Publish a Book and Change Your Life, or, Well, Maybe Not
by Christine Sneed

I spent a lot of time in the car this past spring, commuting from my home in Evanston to Urbana, Illinois where I’ve been teaching at the state’s flagship university. During these lengthy trips south, I’ve been thinking about the professional and personal choices that I’ve made since graduating from college in 1993 — a long time ago, I suppose, though it doesn’t really feel like it.
When I decided that I’d try to make a life as a writer during my senior year in college, I set off in dogged, possibly foolhardy pursuit of this goal. It wasn’t so much a conscious decision as a pigheaded, glacially slow march out of complete obscurity, out of the room where I wrote thousands of pages of unpublished work before my first book, a short story collection, was published a couple of months after my thirty-eighth birthday.
If you were an attorney or an accountant and you said to someone, “I’ve been doing this job for two decades and am finally starting to make money at it,” people would look at you like you were crazy.
It’s not a perfect comparison, of course — writers’ skills continue to evolve long past any undergraduate studies completed in the humanities, whereas accountants or attorneys graduate with a skill set that allows them to obtain work before, in some cases, they’ve officially received their diplomas. Their work is also better compensated than most jobs a writer might acquire post-graduation, jobs that often have very little to do with writing. The writing gets done, if it’s done at all, at night and on weekends.

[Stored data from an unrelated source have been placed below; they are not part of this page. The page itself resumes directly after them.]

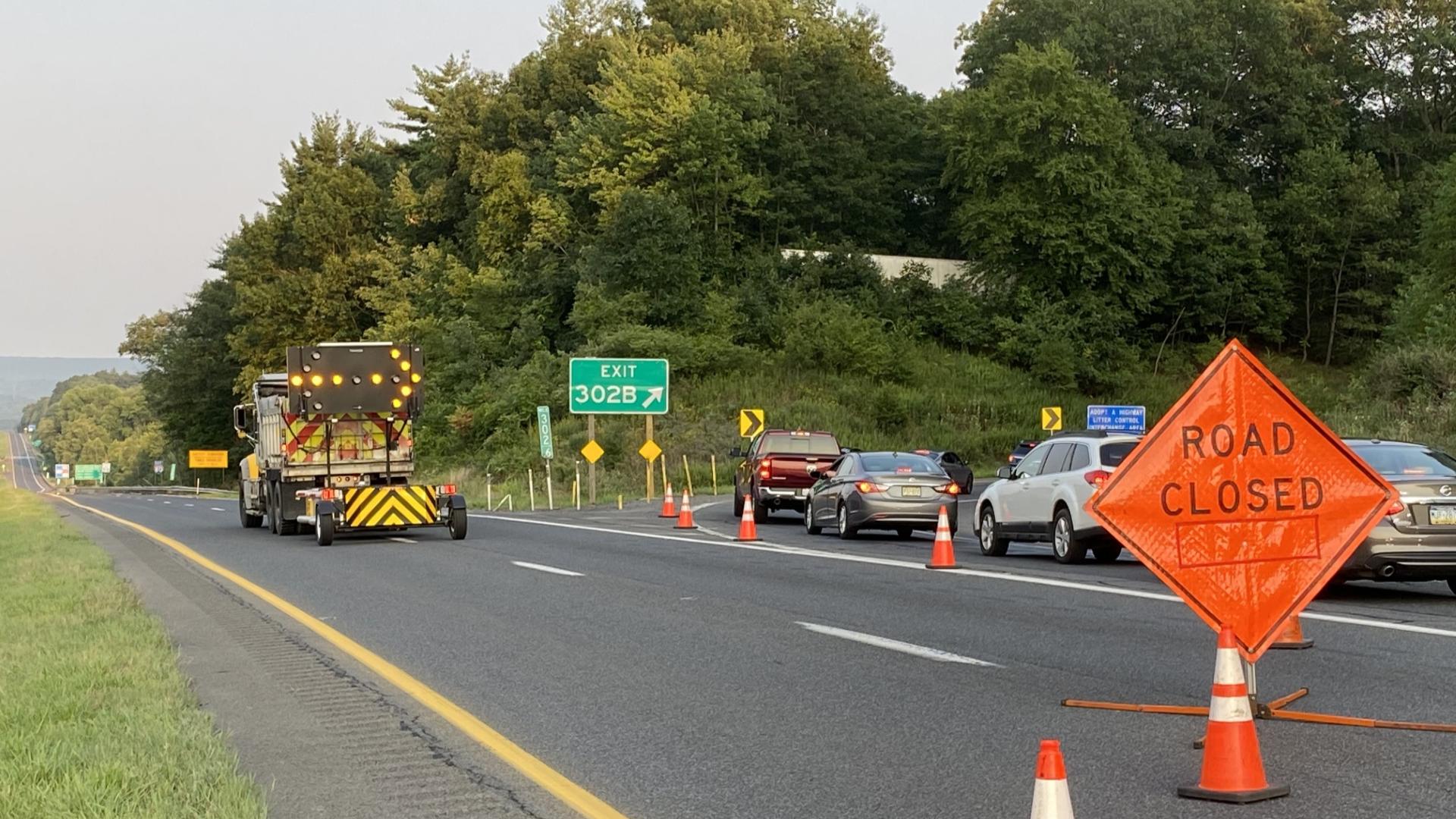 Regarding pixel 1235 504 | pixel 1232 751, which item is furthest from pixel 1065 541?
pixel 1232 751

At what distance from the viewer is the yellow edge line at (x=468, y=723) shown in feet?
21.3

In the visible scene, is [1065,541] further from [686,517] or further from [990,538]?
[686,517]

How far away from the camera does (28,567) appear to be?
778 inches

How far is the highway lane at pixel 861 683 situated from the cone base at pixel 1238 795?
0.06 m

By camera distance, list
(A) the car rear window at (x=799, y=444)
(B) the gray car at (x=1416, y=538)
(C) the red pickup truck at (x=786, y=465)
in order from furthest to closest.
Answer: (A) the car rear window at (x=799, y=444), (C) the red pickup truck at (x=786, y=465), (B) the gray car at (x=1416, y=538)

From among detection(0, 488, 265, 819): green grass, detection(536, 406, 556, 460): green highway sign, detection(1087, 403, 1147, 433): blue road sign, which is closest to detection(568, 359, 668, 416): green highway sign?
detection(536, 406, 556, 460): green highway sign

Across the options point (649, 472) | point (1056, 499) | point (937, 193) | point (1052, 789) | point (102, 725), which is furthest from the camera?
point (937, 193)

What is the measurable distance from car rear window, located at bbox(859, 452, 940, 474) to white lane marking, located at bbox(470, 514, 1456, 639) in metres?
2.66

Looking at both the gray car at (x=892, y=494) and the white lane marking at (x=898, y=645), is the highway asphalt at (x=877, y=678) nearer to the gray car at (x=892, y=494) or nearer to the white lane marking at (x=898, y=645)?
the white lane marking at (x=898, y=645)

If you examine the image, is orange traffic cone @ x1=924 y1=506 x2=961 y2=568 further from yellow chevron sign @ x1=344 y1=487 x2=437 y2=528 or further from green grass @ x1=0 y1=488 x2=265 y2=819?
yellow chevron sign @ x1=344 y1=487 x2=437 y2=528

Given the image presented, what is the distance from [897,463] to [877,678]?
1573cm

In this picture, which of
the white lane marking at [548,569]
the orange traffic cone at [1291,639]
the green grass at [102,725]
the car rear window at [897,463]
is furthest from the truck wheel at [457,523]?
the orange traffic cone at [1291,639]

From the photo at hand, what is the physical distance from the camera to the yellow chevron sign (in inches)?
1009

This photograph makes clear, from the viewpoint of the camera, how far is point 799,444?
32438mm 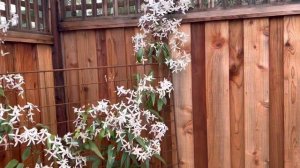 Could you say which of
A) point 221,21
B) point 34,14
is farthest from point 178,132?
point 34,14

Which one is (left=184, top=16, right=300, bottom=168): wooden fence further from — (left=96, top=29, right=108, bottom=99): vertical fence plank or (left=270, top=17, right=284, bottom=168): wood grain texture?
(left=96, top=29, right=108, bottom=99): vertical fence plank

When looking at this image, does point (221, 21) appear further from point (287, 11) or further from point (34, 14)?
point (34, 14)

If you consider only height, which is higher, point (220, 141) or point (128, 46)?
point (128, 46)

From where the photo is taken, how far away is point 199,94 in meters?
2.10

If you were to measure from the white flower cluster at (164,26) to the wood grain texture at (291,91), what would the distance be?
575 mm

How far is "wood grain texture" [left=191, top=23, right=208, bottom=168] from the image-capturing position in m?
2.07

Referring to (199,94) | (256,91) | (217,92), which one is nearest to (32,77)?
(199,94)

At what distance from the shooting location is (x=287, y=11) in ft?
6.01

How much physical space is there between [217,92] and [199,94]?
11cm

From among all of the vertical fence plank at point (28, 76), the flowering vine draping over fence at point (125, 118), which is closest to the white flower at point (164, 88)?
the flowering vine draping over fence at point (125, 118)

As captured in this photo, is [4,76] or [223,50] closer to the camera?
[4,76]

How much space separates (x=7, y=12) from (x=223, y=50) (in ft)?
4.17

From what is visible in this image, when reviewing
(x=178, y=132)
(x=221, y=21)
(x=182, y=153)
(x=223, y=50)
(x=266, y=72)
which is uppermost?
(x=221, y=21)

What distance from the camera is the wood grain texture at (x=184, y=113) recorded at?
6.89 ft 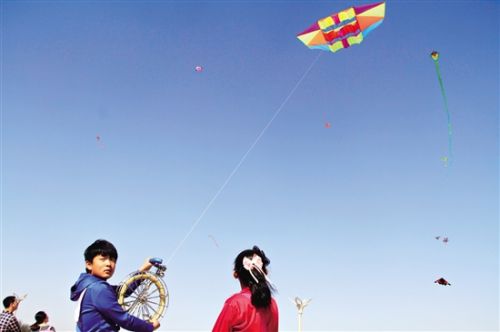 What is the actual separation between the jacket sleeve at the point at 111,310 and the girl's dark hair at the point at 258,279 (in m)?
0.99

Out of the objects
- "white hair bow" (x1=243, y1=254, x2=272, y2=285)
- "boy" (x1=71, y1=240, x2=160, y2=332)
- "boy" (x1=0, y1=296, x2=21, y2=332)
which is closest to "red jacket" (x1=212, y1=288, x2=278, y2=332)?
"white hair bow" (x1=243, y1=254, x2=272, y2=285)

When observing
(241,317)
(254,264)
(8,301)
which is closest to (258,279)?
(254,264)

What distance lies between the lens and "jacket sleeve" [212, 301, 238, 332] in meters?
3.64

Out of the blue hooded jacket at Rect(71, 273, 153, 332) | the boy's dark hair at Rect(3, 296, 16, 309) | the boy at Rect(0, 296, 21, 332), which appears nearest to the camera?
the blue hooded jacket at Rect(71, 273, 153, 332)

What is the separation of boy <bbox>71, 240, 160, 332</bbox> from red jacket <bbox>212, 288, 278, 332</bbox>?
2.03 ft

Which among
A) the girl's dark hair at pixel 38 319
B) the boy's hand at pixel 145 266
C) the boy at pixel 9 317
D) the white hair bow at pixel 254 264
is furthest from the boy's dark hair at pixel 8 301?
the white hair bow at pixel 254 264

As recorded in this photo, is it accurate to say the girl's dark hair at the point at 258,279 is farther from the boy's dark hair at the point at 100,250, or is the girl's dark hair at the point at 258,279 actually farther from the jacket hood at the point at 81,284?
the jacket hood at the point at 81,284

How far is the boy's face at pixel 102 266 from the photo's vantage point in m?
3.58

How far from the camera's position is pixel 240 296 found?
3752 millimetres


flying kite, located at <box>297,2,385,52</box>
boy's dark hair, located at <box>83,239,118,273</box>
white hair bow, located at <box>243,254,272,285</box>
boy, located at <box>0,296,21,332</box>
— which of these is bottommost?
boy, located at <box>0,296,21,332</box>

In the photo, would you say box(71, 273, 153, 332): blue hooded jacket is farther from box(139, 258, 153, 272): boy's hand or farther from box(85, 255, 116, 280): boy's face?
box(139, 258, 153, 272): boy's hand

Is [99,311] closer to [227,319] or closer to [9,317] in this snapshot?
[227,319]

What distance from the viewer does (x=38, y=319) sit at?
26.8 feet

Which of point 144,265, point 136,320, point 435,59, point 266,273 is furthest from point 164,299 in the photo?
point 435,59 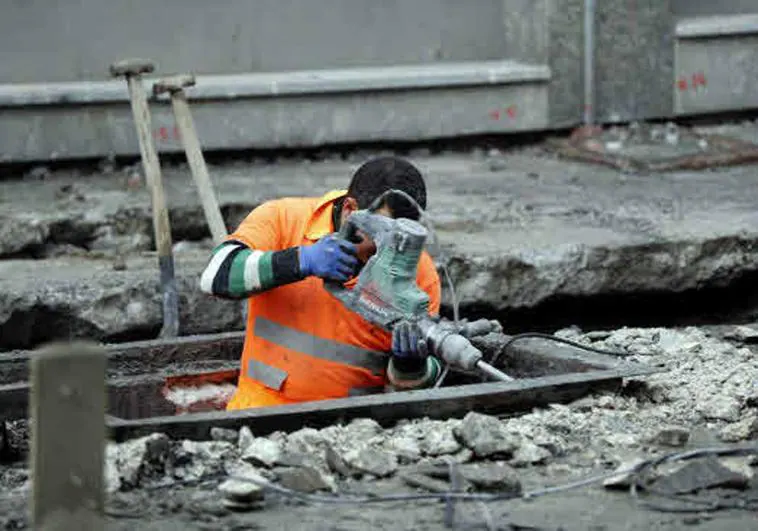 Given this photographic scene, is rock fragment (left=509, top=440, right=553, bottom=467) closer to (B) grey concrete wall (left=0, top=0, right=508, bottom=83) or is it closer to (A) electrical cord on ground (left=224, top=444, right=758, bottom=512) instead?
(A) electrical cord on ground (left=224, top=444, right=758, bottom=512)

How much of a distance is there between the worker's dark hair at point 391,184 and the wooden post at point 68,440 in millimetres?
1907

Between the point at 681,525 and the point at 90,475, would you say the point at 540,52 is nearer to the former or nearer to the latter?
the point at 681,525

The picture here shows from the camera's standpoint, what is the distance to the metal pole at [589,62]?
10.4m

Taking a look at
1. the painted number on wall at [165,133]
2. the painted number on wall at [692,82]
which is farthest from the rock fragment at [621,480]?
the painted number on wall at [692,82]

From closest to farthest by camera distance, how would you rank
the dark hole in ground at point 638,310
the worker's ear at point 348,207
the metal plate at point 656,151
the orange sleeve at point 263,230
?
the worker's ear at point 348,207 → the orange sleeve at point 263,230 → the dark hole in ground at point 638,310 → the metal plate at point 656,151

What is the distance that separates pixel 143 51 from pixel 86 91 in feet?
2.08

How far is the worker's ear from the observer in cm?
531

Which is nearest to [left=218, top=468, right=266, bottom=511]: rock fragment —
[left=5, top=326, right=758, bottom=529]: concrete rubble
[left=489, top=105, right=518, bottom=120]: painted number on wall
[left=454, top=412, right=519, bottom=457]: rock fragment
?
[left=5, top=326, right=758, bottom=529]: concrete rubble

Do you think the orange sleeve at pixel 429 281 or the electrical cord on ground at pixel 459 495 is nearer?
the electrical cord on ground at pixel 459 495

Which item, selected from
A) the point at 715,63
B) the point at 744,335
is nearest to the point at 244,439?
the point at 744,335

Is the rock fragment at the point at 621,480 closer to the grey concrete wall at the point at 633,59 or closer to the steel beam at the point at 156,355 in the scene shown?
the steel beam at the point at 156,355

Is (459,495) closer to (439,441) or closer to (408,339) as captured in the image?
(439,441)

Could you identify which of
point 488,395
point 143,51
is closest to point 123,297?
point 488,395

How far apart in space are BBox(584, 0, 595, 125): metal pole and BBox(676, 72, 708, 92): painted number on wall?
63 centimetres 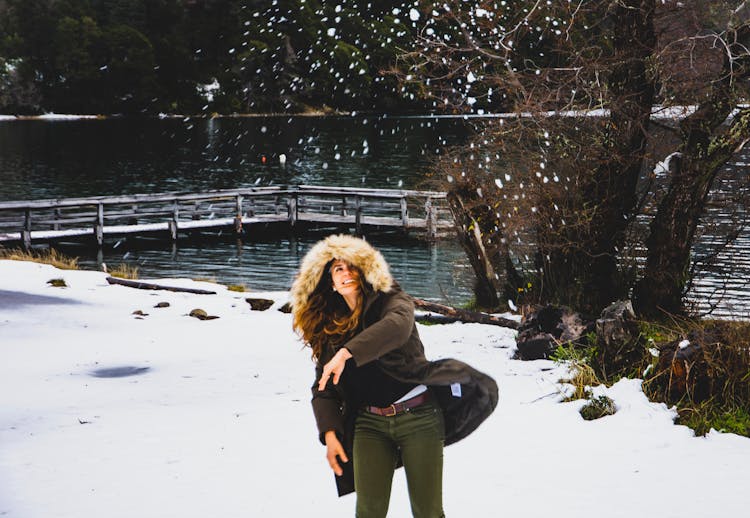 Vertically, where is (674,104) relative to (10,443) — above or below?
above

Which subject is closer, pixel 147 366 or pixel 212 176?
pixel 147 366

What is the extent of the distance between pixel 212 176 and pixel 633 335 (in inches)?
2141

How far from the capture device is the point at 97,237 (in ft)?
98.2

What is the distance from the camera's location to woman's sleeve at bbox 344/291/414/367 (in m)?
3.87

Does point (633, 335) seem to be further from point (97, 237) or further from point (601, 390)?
point (97, 237)

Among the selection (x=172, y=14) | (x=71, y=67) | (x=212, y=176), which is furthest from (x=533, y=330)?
(x=172, y=14)

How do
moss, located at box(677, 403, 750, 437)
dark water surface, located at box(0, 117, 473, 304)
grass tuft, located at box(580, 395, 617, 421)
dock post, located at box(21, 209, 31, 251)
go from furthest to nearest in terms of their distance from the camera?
1. dock post, located at box(21, 209, 31, 251)
2. dark water surface, located at box(0, 117, 473, 304)
3. grass tuft, located at box(580, 395, 617, 421)
4. moss, located at box(677, 403, 750, 437)

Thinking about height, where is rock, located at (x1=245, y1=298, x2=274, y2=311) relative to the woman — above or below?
below

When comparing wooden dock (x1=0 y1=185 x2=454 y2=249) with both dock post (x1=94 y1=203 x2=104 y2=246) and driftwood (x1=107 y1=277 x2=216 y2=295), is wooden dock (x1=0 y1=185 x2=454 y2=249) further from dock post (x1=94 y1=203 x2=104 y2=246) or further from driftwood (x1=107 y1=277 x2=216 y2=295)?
driftwood (x1=107 y1=277 x2=216 y2=295)

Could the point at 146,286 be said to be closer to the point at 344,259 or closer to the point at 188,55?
the point at 344,259

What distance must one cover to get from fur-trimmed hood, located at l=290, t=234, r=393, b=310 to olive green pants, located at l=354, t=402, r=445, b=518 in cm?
61

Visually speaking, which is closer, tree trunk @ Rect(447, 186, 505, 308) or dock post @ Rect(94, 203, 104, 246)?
tree trunk @ Rect(447, 186, 505, 308)

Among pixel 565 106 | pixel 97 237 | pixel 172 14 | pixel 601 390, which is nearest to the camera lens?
pixel 601 390

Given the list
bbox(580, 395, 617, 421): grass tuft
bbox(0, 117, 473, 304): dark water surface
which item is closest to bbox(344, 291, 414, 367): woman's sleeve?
bbox(580, 395, 617, 421): grass tuft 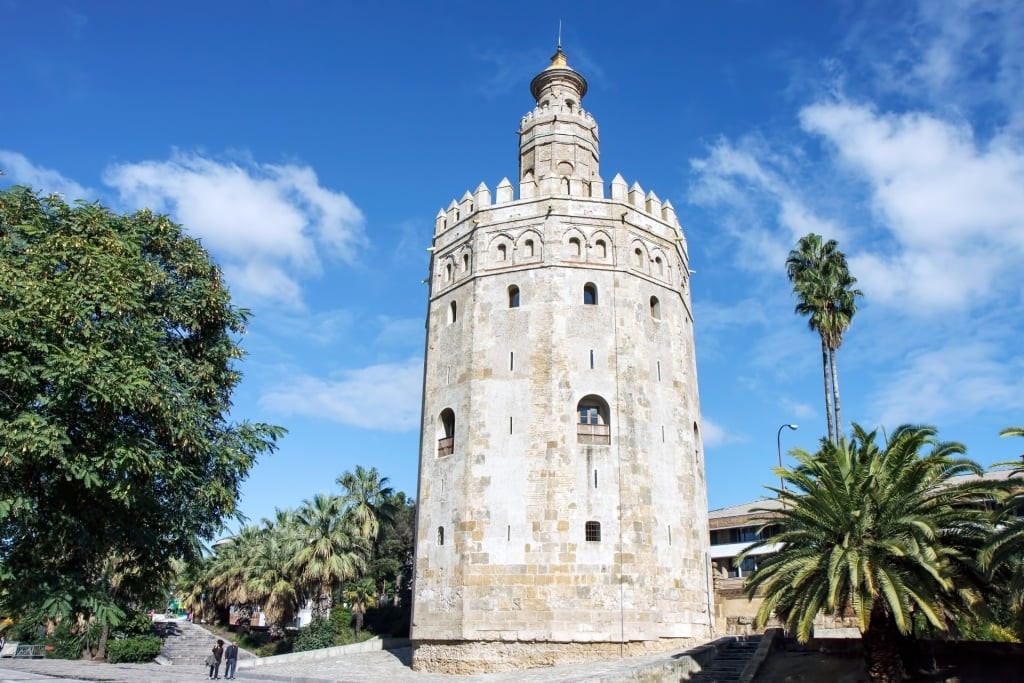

Mine is not an uncommon narrative for a writer’s professional trajectory, but when I allude to these realities in the college fiction-writing classes I teach, I often find myself downplaying the difficulties of my career path. Students want to hear success stories, overnight success stories, if possible, ones where young writers are showered, in short order, with awards and piles of money. They’d like to believe that the books I’ve published, the first appearing in late 2010, eleven and a half years after I finished graduate school, were transferred from my brain to the page into book form without any intervening doubts or difficulties or years and years of waiting and worrying and knuckled-down persistence.
The true circumstances of my life so far, I suspect, would probably seem like a tale of woe to my students, despite the fact it has been one of privilege (even if I might not have the bank account or the property titles to reflect this.) At 43, I’ve never married, nor do I have any kids. I’ve never owned a new car, and two of the three cars that I have owned were purchased from a family member. One was already eight years old, and four years later it’s still, to my relief, the car that I’m driving.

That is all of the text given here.